# Mexico 1 -cameroon 0 !!



## Isla Verde (Oct 19, 2011)

México vence a Camerún 1-0 en debut mundialista | Mundial Brasil 2014


----------



## Hound Dog (Jan 18, 2009)

It should have been Mexico 3 , Cameroon 0 except for bad officiatiing. Mexico clearly dominated. Spain is now losing big time to The Netherlands. This sholdl be lots of fun as we move toward the final rounds.


----------



## joaquinx (Jul 3, 2010)

Looking forward to a tie between Cameroon and Croatia. If Mexico can tie Croatia, we're in.

Remember that Holland lost to Spain in the Finals in S. Africa.


----------



## Isla Verde (Oct 19, 2011)

joaquinx said:


> Looking forward to a tie between Cameroon and Croatia.
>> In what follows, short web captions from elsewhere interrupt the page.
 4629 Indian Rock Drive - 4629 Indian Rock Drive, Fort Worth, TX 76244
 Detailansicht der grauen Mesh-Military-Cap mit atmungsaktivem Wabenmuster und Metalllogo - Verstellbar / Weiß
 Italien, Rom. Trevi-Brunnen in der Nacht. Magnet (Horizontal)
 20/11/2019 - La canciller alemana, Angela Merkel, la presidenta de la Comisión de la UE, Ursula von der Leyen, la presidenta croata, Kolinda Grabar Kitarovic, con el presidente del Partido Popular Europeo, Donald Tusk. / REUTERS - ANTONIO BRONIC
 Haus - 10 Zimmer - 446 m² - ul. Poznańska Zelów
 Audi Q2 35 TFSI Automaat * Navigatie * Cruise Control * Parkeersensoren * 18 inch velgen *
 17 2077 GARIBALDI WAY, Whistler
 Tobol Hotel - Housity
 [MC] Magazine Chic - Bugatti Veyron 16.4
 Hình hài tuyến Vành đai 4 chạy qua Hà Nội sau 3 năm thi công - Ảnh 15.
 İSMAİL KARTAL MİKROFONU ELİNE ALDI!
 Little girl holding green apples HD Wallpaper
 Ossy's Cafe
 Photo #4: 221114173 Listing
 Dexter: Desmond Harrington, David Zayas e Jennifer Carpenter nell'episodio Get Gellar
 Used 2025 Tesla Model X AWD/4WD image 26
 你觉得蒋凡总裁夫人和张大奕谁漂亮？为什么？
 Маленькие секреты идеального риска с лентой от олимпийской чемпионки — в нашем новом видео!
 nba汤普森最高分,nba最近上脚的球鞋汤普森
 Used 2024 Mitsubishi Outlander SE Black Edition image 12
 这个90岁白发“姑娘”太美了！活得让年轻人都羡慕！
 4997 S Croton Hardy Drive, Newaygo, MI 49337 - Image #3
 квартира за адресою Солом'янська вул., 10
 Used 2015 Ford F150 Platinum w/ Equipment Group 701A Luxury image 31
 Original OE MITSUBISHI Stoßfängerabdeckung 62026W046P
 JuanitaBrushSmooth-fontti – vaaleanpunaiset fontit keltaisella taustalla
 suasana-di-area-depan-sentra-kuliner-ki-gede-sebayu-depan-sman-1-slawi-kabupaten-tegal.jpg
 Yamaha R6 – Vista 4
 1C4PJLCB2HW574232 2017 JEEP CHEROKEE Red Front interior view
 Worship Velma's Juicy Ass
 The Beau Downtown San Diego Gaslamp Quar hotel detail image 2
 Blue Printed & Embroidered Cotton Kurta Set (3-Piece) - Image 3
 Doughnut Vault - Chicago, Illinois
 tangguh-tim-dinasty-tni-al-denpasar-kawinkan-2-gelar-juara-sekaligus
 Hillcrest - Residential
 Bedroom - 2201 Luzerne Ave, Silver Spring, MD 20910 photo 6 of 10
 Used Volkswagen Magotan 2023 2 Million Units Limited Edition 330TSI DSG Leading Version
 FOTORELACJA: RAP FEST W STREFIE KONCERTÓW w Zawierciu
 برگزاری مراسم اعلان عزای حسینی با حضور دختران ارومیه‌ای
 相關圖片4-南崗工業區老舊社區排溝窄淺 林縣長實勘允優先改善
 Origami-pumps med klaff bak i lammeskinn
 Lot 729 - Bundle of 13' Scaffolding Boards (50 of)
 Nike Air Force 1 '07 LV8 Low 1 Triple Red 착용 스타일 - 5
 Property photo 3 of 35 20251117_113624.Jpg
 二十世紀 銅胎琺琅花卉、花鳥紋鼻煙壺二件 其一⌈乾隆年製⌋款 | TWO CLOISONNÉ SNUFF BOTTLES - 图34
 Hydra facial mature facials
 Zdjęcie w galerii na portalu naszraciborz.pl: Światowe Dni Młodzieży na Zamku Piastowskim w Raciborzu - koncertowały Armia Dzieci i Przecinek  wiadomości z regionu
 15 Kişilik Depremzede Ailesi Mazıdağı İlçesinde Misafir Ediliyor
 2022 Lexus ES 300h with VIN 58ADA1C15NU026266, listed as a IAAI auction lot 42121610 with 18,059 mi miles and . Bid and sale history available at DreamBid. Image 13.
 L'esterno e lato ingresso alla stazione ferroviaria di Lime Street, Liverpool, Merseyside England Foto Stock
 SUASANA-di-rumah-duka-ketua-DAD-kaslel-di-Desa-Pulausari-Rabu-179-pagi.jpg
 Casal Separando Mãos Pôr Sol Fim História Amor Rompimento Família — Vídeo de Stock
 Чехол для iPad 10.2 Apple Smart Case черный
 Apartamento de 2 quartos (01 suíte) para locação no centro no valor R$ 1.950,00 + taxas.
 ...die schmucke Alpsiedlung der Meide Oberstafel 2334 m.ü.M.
If Mexico can tie Croatia, we're in.
> 
> Remember that Holland lost to Spain in the Finals in S. Africa.


We'll have to keep our fingers crossed:fingerscrossed:. I'm going to wear my lucky _aretes tricolores_ for more luck!

Wow, Spain just lost to The Netherlands 5 -1.


----------



## citlali (Mar 4, 2013)

Yes that was some game...The Netherlands stumped them .


----------